Google’s ‘Person finder’, Facebook’s ‘Safety Check’ Out in Nepal but Internet is Down

Google person finder for Nepal Earthquake

Google person finder for Nepal Earthquake

Whenever earthquakes or natural disasters strike any part of the world, Google and Facebook have been upfront to offer their free “Person Finder” and “Safety Check” tools to locate stranded people but this time it was too late almost after 48 hours since the disaster struck the Himalayan nation.

Moreover, these internet tools cannot be accessed unless the communications and Internet network is restored in Nepal but as seen on Saturday and Sunday, all the government and official websites are down.

While Indian and overseas teecom operators came forward to offer free calls to Nepal, few could contact their families, reflecting the massive disruption in communications in the hilly regions of Nepal that should be addressed first.

However, the feature helps those who are safe to relay back their welfare status and those in the periphery could also make use of it.
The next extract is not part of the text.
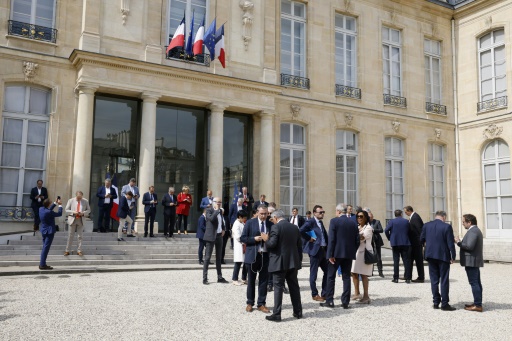 Emeutes : Macron annonce une loi d'urgence pour la reconstruction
In case of Nepa earthquake, the feature helped those in Indian side, especially Uttar Pradesh and West Bengal to inform their friends and relatives that they are safe.
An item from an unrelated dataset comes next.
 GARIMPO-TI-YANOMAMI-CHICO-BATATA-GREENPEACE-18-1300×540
However, Facebook is using its latet safety tool, ‘Safety App’ to find those in the affected areas to raise alerts in Facebook for friends to move on further to find out those trapped in the rubble.

“Safety Check is our way of helping our community during natural disasters and gives you an easy and simple way to say you’re safe and check on all your friends and family in one place,” Facebook’s founder Mark Zuckerberg said while unveiling the feature in Octobaer last.
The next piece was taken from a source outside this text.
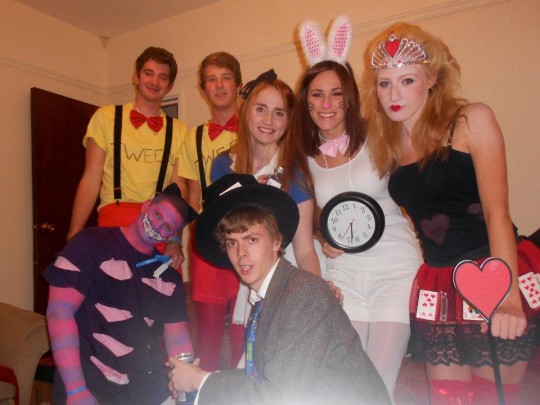 alice in wonderland 2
Unlike the March 2011 Earthquake and Tsunami in Japan that left millions untraceable for weeks, the new Facebook can make it possible for all those survivors to provide their status online, to save anxiety moments for the loved ones.

But the irony is that Nepal’s Internet remains dead since the devastating earthquake on Saturday and the focus should be to revive it first and then make people connect with the survivors or those trapped in rubble or in isolated places.

In fact, Google’s balloon-based internet and Facebook’s drone-based connectivity feat can be experimented and useful in Nepal currently as it would take few days for the relief supplies to reach every corner of the hill surroundings.

And for those who are able to access the Internet, they can open Google Person Finder and post their safety. The opening page provides two options “I’m looking for someone and “I have information about someone” and the user can update either way to connect with the rest of the world.

It is available both in Nepali and English.